◆ **Your task**
Write out every record in full, keeping each character exactly as it is.

◆ **Input**
..........

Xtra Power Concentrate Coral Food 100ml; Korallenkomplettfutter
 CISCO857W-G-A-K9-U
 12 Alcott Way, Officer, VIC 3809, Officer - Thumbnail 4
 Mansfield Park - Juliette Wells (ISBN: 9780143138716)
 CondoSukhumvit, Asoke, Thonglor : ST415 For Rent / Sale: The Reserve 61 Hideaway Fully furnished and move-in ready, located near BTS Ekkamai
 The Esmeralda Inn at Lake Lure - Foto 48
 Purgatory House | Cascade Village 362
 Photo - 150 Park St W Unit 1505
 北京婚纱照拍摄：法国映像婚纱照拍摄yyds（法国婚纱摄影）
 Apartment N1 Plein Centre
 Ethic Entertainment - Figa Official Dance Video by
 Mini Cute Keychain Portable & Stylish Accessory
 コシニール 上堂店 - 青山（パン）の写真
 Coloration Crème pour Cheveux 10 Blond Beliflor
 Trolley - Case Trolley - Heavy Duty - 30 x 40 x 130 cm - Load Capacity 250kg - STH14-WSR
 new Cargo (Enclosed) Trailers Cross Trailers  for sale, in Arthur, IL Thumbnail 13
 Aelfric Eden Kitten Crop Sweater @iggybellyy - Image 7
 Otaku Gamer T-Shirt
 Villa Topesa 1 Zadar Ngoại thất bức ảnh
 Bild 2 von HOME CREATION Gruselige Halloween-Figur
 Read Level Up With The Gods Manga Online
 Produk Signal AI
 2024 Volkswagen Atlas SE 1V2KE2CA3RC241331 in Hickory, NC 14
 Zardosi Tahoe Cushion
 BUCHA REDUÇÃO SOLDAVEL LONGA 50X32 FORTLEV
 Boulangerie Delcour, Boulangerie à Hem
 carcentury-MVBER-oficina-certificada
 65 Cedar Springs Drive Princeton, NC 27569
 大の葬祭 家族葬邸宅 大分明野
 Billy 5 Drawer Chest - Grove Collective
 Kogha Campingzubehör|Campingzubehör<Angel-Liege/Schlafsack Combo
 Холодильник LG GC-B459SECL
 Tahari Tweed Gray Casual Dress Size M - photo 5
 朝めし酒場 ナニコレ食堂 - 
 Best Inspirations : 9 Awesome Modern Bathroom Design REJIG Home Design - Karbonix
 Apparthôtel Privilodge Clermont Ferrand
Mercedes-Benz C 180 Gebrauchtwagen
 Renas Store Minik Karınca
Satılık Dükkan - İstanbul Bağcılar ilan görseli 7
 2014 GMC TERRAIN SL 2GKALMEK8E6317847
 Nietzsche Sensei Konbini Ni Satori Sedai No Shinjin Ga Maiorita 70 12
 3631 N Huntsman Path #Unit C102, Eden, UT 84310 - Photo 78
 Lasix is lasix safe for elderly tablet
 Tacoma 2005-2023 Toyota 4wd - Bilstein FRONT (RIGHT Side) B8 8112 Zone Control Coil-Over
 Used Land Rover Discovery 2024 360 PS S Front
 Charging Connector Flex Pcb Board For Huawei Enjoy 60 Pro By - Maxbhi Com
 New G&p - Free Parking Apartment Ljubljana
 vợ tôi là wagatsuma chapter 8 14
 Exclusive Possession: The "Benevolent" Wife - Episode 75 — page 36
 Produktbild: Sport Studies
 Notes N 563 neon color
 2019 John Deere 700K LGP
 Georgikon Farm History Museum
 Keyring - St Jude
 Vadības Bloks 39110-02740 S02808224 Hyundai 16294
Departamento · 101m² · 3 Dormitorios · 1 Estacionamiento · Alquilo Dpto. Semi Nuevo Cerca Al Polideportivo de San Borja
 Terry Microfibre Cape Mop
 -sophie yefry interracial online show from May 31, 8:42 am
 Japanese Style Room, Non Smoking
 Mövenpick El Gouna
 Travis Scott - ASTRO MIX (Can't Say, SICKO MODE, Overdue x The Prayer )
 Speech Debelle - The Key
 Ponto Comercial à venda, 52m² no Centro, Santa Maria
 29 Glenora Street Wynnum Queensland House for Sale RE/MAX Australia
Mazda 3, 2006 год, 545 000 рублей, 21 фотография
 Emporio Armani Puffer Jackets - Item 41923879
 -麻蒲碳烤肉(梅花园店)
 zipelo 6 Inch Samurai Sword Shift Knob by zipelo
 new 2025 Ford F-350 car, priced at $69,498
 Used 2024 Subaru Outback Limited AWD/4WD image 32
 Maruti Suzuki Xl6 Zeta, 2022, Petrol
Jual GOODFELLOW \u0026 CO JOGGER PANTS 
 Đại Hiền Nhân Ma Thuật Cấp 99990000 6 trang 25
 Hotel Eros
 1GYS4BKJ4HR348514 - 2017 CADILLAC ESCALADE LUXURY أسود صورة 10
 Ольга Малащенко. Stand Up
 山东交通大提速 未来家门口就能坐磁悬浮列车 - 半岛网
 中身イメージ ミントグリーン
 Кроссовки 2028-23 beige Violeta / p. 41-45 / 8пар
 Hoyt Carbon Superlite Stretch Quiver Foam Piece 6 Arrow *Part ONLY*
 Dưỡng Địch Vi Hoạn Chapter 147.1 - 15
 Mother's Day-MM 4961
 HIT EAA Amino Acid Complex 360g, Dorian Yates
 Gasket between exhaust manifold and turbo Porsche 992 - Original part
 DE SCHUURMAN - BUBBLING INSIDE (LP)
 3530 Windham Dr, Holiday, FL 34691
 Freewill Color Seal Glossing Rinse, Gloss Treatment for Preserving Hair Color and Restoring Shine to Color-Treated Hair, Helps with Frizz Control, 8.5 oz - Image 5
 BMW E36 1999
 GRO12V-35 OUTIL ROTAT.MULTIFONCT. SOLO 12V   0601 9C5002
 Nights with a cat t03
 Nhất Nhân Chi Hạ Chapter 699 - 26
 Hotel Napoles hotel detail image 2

..........

◆ **Answer for this exercise**
Xtra Power Concentrate Coral Food 100ml; Korallenkomplettfutter
 CISCO857W-G-A-K9-U
 12 Alcott Way, Officer, VIC 3809, Officer - Thumbnail 4
 Mansfield Park - Juliette Wells (ISBN: 9780143138716)
 CondoSukhumvit, Asoke, Thonglor : ST415 For Rent / Sale: The Reserve 61 Hideaway Fully furnished and move-in ready, located near BTS Ekkamai
 The Esmeralda Inn at Lake Lure - Foto 48
 Purgatory House | Cascade Village 362
 Photo - 150 Park St W Unit 1505
 北京婚纱照拍摄：法国映像婚纱照拍摄yyds（法国婚纱摄影）
 Apartment N1 Plein Centre
 Ethic Entertainment - Figa Official Dance Video by
 Mini Cute Keychain Portable & Stylish Accessory
 コシニール 上堂店 - 青山（パン）の写真
 Coloration Crème pour Cheveux 10 Blond Beliflor
 Trolley - Case Trolley - Heavy Duty - 30 x 40 x 130 cm - Load Capacity 250kg - STH14-WSR
 new Cargo (Enclosed) Trailers Cross Trailers  for sale, in Arthur, IL Thumbnail 13
 Aelfric Eden Kitten Crop Sweater @iggybellyy - Image 7
 Otaku Gamer T-Shirt
 Villa Topesa 1 Zadar Ngoại thất bức ảnh
 Bild 2 von HOME CREATION Gruselige Halloween-Figur
 Read Level Up With The Gods Manga Online
 Produk Signal AI
 2024 Volkswagen Atlas SE 1V2KE2CA3RC241331 in Hickory, NC 14
 Zardosi Tahoe Cushion
 BUCHA REDUÇÃO SOLDAVEL LONGA 50X32 FORTLEV
 Boulangerie Delcour, Boulangerie à Hem
 carcentury-MVBER-oficina-certificada
 65 Cedar Springs Drive Princeton, NC 27569
 大の葬祭 家族葬邸宅 大分明野
 Billy 5 Drawer Chest - Grove Collective
 Kogha Campingzubehör|Campingzubehör<Angel-Liege/Schlafsack Combo
 Холодильник LG GC-B459SECL
 Tahari Tweed Gray Casual Dress Size M - photo 5
 朝めし酒場 ナニコレ食堂 - 
 Best Inspirations : 9 Awesome Modern Bathroom Design REJIG Home Design - Karbonix
 Apparthôtel Privilodge Clermont Ferrand
Mercedes-Benz C 180 Gebrauchtwagen
 Renas Store Minik Karınca
Satılık Dükkan - İstanbul Bağcılar ilan görseli 7
 2014 GMC TERRAIN SL 2GKALMEK8E6317847
 Nietzsche Sensei Konbini Ni Satori Sedai No Shinjin Ga Maiorita 70 12
 3631 N Huntsman Path #Unit C102, Eden, UT 84310 - Photo 78
 Lasix is lasix safe for elderly tablet
 Tacoma 2005-2023 Toyota 4wd - Bilstein FRONT (RIGHT Side) B8 8112 Zone Control Coil-Over
 Used Land Rover Discovery 2024 360 PS S Front
 Charging Connector Flex Pcb Board For Huawei Enjoy 60 Pro By - Maxbhi Com
 New G&p - Free Parking Apartment Ljubljana
 vợ tôi là wagatsuma chapter 8 14
 Exclusive Possession: The "Benevolent" Wife - Episode 75 — page 36
 Produktbild: Sport Studies
 Notes N 563 neon color
 2019 John Deere 700K LGP
 Georgikon Farm History Museum
 Keyring - St Jude
 Vadības Bloks 39110-02740 S02808224 Hyundai 16294
Departamento · 101m² · 3 Dormitorios · 1 Estacionamiento · Alquilo Dpto. Semi Nuevo Cerca Al Polideportivo de San Borja
 Terry Microfibre Cape Mop
 -sophie yefry interracial online show from May 31, 8:42 am
 Japanese Style Room, Non Smoking
 Mövenpick El Gouna
 Travis Scott - ASTRO MIX (Can't Say, SICKO MODE, Overdue x The Prayer )
 Speech Debelle - The Key
 Ponto Comercial à venda, 52m² no Centro, Santa Maria
 29 Glenora Street Wynnum Queensland House for Sale RE/MAX Australia
Mazda 3, 2006 год, 545 000 рублей, 21 фотография
 Emporio Armani Puffer Jackets - Item 41923879
 -麻蒲碳烤肉(梅花园店)
 zipelo 6 Inch Samurai Sword Shift Knob by zipelo
 new 2025 Ford F-350 car, priced at $69,498
 Used 2024 Subaru Outback Limited AWD/4WD image 32
 Maruti Suzuki Xl6 Zeta, 2022, Petrol
Jual GOODFELLOW \u0026 CO JOGGER PANTS 
 Đại Hiền Nhân Ma Thuật Cấp 99990000 6 trang 25
 Hotel Eros
 1GYS4BKJ4HR348514 - 2017 CADILLAC ESCALADE LUXURY أسود صورة 10
 Ольга Малащенко. Stand Up
 山东交通大提速 未来家门口就能坐磁悬浮列车 - 半岛网
 中身イメージ ミントグリーン
 Кроссовки 2028-23 beige Violeta / p. 41-45 / 8пар
 Hoyt Carbon Superlite Stretch Quiver Foam Piece 6 Arrow *Part ONLY*
 Dưỡng Địch Vi Hoạn Chapter 147.1 - 15
 Mother's Day-MM 4961
 HIT EAA Amino Acid Complex 360g, Dorian Yates
 Gasket between exhaust manifold and turbo Porsche 992 - Original part
 DE SCHUURMAN - BUBBLING INSIDE (LP)
 3530 Windham Dr, Holiday, FL 34691
 Freewill Color Seal Glossing Rinse, Gloss Treatment for Preserving Hair Color and Restoring Shine to Color-Treated Hair, Helps with Frizz Control, 8.5 oz - Image 5
 BMW E36 1999
 GRO12V-35 OUTIL ROTAT.MULTIFONCT. SOLO 12V   0601 9C5002
 Nights with a cat t03
 Nhất Nhân Chi Hạ Chapter 699 - 26
 Hotel Napoles hotel detail image 2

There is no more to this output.